Par courrier électronique du 23 février 2007, la société La Française des Jeux a informé l'ensemble des joueurs qu'un problème électronique avait vicié le jeu « Joker + », et les a indemnisés en leur remboursant le montant de leurs mises perdantes tout en précisant qu'il avait été remédié à l'anomalie.
Au motif que ce dysfonctionnement lui avait fait perdre une chance de gagner le gain maximum mis en jeu, soit la somme de 250.000 euros, M. X., par acte du 30 mars 2009, a fait assigner la société La Française des jeux devant le tribunal de grande instance de Nancy.

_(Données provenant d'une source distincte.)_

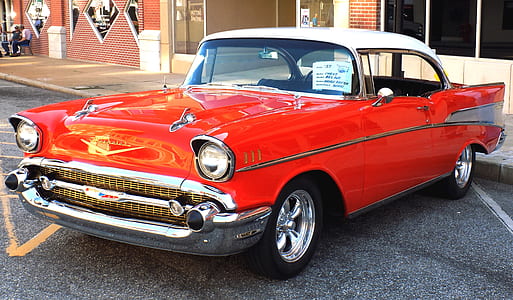 close-up photography of red Chevrolet Bel Air coupe on concrete road at daytime thumbnail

L'affaire ayant été radiée par ordonnance du juge de la mise en état du 9 février 2010, M. X., par conclusions du 29 décembre 2011, signifiées le 2 janvier 2012, a sollicité la réinscription de l'affaire pour voir condamner la société La Française des jeux, sous le bénéfice de l'exécution provisoire, à lui payer la somme de 250.000 euros à titre de dommages-intérêts, ainsi qu'une indemnité de procédure.
Par jugement du 9 janvier 2014, la juridiction ainsi saisie a accueilli l'exception de procédure soulevée in limine litis par la partie défenderesse, et constaté que l'instance était périmée depuis le 9 décembre 2011. Elle a débouté la société La Française des jeux de sa demande fondée sur l'article 700 du code de procédure civile, et condamné M. X. aux dépens.

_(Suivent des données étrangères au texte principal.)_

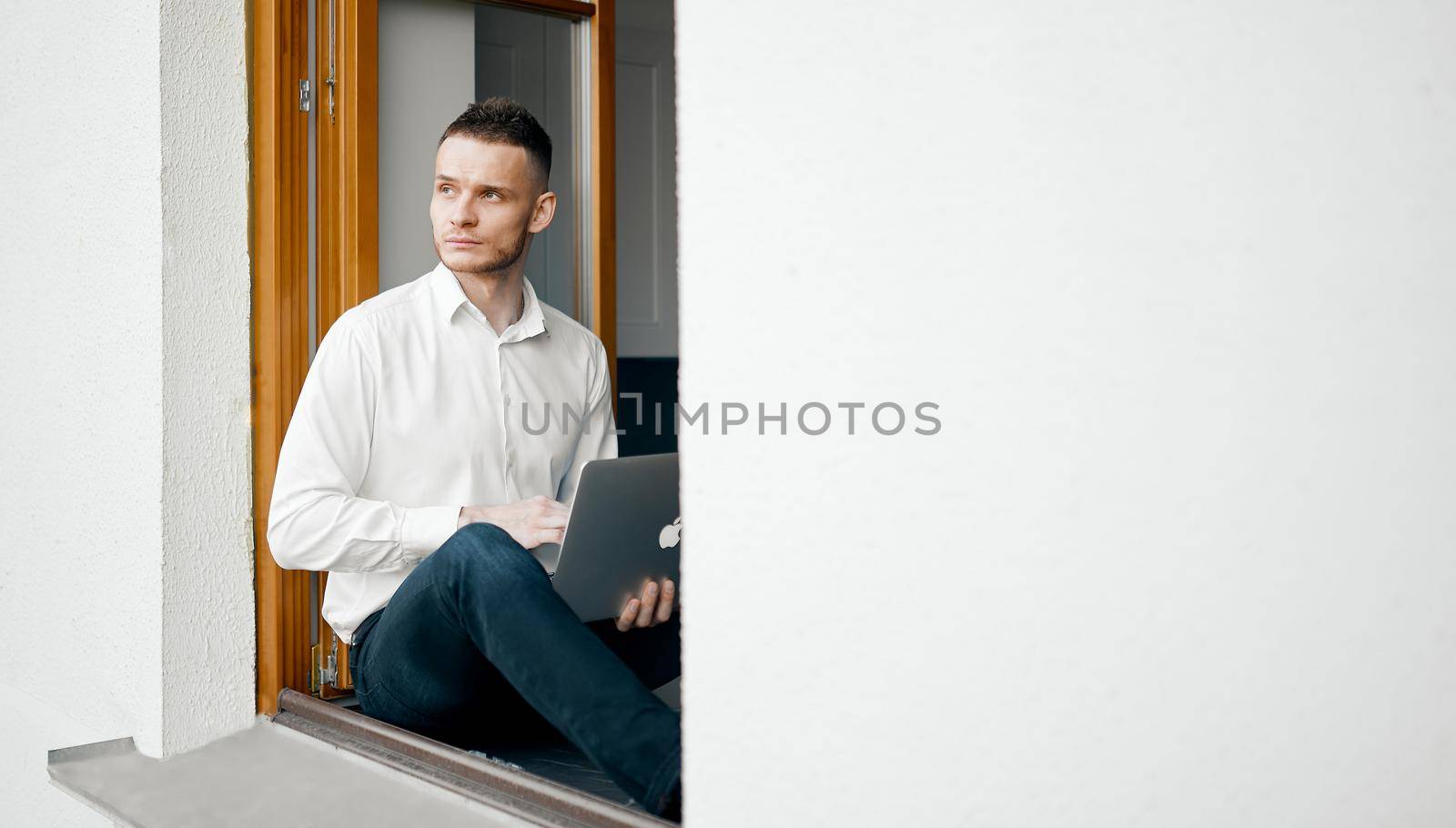 The guy is sitting on the windowsill of the house. Looks outside. A laptop in hand. High quality photo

Par déclaration reçue au greffe de la cour, le 4 mars 2014, M. X. a relevé appel de ce jugement ; il demande à la cour de l'infirmer, de rejeter l'exception tirée de la péremption d'instance et de condamner la société intimée à lui payer la somme de 250.000 euros à titre de dommages-intérêts, ainsi que celle de 3.000 euros sur le fondement de l'article 700 du code de procédure civile.
Au soutien de ses prétentions, il fait valoir que l'instance n'était pas périmée puisque l'ordonnance de radiation qui constituait le point de départ du délai de deux ans était datée du 9 février 2010, et que ses conclusions de réenrôlement étaient datées du 2 janvier 2012.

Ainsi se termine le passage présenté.